目を閉じると、アルヴィンの腕を掴んだまま、セシリアの意識は途切れていった。

◇◇◇

 シュテル王国の王女ミルファーは、目の前の椅子に座り込んでいる兄を見て、忌々しそうに溜息をついた。
 兄はぴくりと反応するが、何も言わずに目を伏せる。
 自分が何をしたのかわかっているのですかと何度も言ったが、落ち込んだ様子ですまないと言うだけだ。
 よりによって王城で、儀式に使う大切な魔石が盗難されただけでも取り返しのつかない失態なのに、その魔石の代わりに、禁忌とされている魔封石を差し出してしまったのだ。

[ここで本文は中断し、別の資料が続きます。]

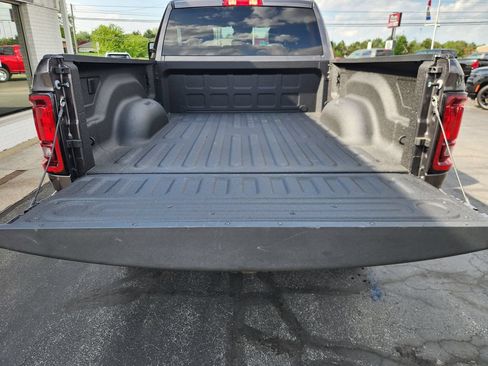 Used 2026 RAM 2500 Big Horn AWD/4WD image 5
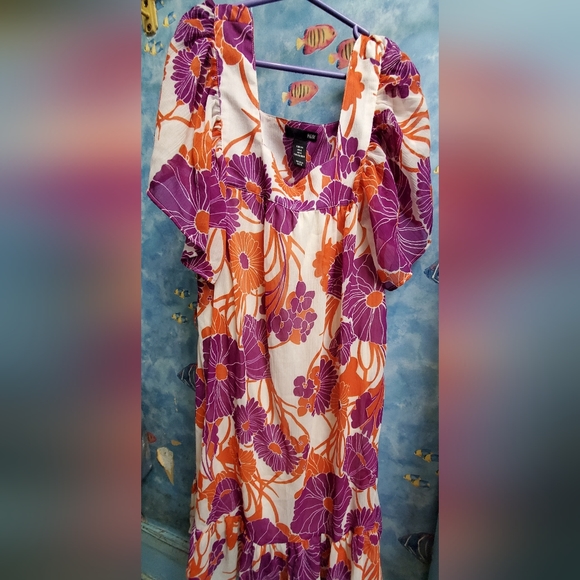 Forever 21 floral summer dress - Picture 2 of 3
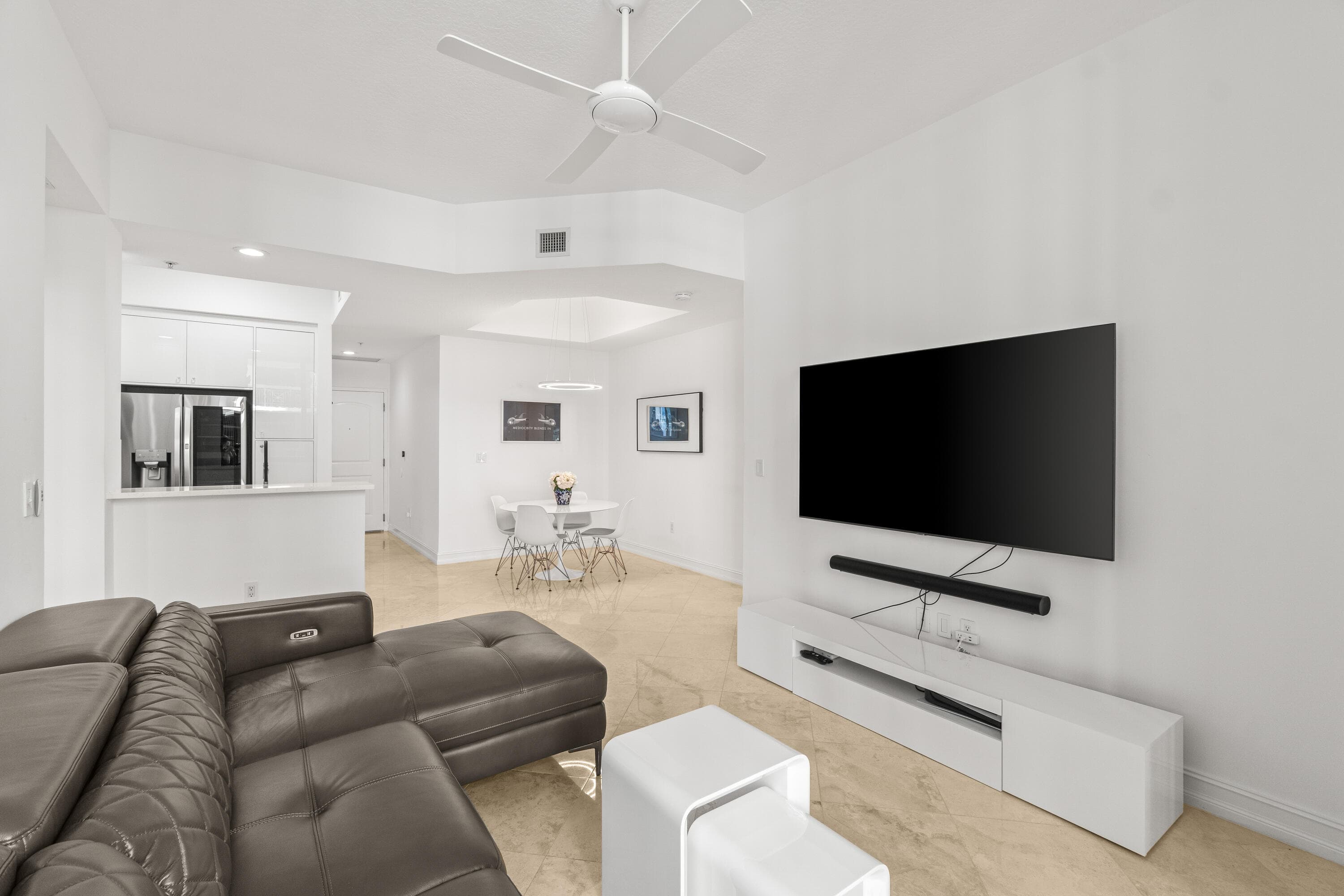 701 S Olive Avenue 1014, West Palm Beach, FL 33401 — photo 5 of 15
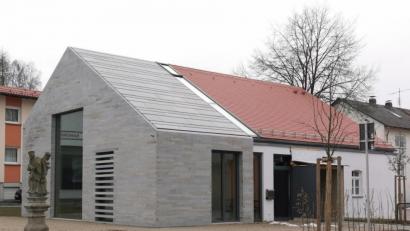 Bild: Portner
Keine Überraschung: Das schmucke städtische Gebäude in der Weidinger Straße 4 wird auf den Namen „Zäch-Haus“ getauft. Der Stadtrat schloss sich dem Bürgervotum der Online-Abstimmung an.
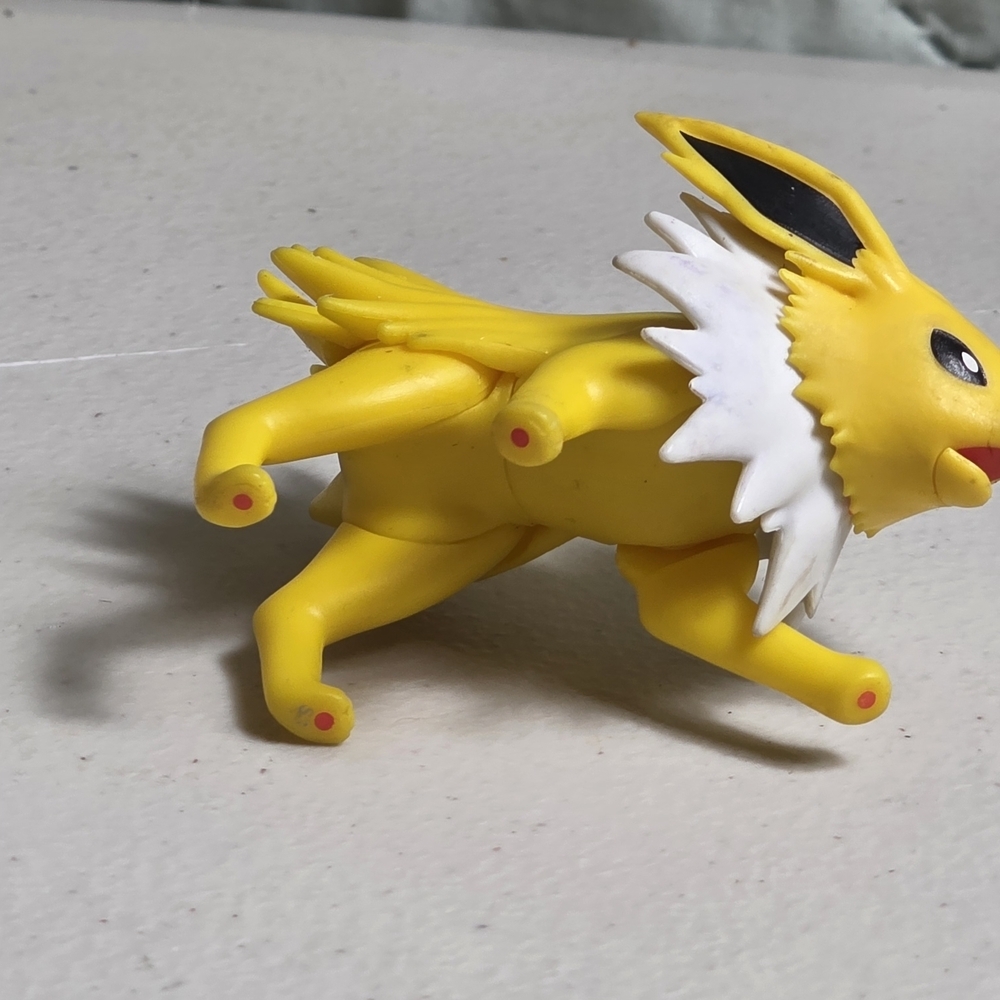 POKEMON JOLTEON Yellow and White Collectible Figure - Picture 2 of 7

 その違いは専門家でもよく見ないとわからないと言われているが、普通の魔石ならば宝物庫の奥深くに隠されているはずがない。
 シュテル王国はもう少しで、優秀な魔導師をふたりも失うところだった。もしそうなっていたら、兄は間違いなく廃嫡されていただろう。
「……もうお兄様には何も期待していません。ブランジーニ公爵令嬢にも、もう近寄らないでください」
 あのふたりは互いに支え合い、力を合わせて王家に対する忠誠を示してくれた。